Caption-style text data:
# # # #

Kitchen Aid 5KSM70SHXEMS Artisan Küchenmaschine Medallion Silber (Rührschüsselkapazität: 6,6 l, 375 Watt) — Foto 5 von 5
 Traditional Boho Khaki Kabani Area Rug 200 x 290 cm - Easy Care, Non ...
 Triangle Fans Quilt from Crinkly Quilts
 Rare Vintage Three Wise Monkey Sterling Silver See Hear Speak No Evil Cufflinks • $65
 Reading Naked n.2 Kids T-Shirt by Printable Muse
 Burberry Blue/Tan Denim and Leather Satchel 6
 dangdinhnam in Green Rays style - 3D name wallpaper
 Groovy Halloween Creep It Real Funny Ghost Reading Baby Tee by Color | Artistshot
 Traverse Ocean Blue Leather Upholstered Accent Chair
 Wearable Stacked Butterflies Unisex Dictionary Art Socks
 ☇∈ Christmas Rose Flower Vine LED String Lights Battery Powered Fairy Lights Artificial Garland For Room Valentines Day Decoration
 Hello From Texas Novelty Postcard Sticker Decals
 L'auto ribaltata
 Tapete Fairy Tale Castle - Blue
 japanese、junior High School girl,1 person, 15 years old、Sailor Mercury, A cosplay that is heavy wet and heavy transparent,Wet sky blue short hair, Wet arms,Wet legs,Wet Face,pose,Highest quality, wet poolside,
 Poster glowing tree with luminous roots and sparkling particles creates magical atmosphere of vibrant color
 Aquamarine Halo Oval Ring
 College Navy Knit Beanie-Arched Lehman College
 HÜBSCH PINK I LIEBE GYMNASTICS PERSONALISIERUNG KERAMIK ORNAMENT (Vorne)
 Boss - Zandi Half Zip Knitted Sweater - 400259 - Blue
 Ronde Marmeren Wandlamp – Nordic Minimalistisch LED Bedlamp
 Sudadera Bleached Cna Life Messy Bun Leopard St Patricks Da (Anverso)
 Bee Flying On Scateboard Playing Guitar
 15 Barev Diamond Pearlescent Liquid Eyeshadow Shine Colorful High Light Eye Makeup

# # # #

WHAT IS REQUIRED: An exact reproduction of the data is required. Leave nothing out.

RESULT:
Kitchen Aid 5KSM70SHXEMS Artisan Küchenmaschine Medallion Silber (Rührschüsselkapazität: 6,6 l, 375 Watt) — Foto 5 von 5
 Traditional Boho Khaki Kabani Area Rug 200 x 290 cm - Easy Care, Non ...
 Triangle Fans Quilt from Crinkly Quilts
 Rare Vintage Three Wise Monkey Sterling Silver See Hear Speak No Evil Cufflinks • $65
 Reading Naked n.2 Kids T-Shirt by Printable Muse
 Burberry Blue/Tan Denim and Leather Satchel 6
 dangdinhnam in Green Rays style - 3D name wallpaper
 Groovy Halloween Creep It Real Funny Ghost Reading Baby Tee by Color | Artistshot
 Traverse Ocean Blue Leather Upholstered Accent Chair
 Wearable Stacked Butterflies Unisex Dictionary Art Socks
 ☇∈ Christmas Rose Flower Vine LED String Lights Battery Powered Fairy Lights Artificial Garland For Room Valentines Day Decoration
 Hello From Texas Novelty Postcard Sticker Decals
 L'auto ribaltata
 Tapete Fairy Tale Castle - Blue
 japanese、junior High School girl,1 person, 15 years old、Sailor Mercury, A cosplay that is heavy wet and heavy transparent,Wet sky blue short hair, Wet arms,Wet legs,Wet Face,pose,Highest quality, wet poolside,
 Poster glowing tree with luminous roots and sparkling particles creates magical atmosphere of vibrant color
 Aquamarine Halo Oval Ring
 College Navy Knit Beanie-Arched Lehman College
 HÜBSCH PINK I LIEBE GYMNASTICS PERSONALISIERUNG KERAMIK ORNAMENT (Vorne)
 Boss - Zandi Half Zip Knitted Sweater - 400259 - Blue
 Ronde Marmeren Wandlamp – Nordic Minimalistisch LED Bedlamp
 Sudadera Bleached Cna Life Messy Bun Leopard St Patricks Da (Anverso)
 Bee Flying On Scateboard Playing Guitar
 15 Barev Diamond Pearlescent Liquid Eyeshadow Shine Colorful High Light Eye Makeup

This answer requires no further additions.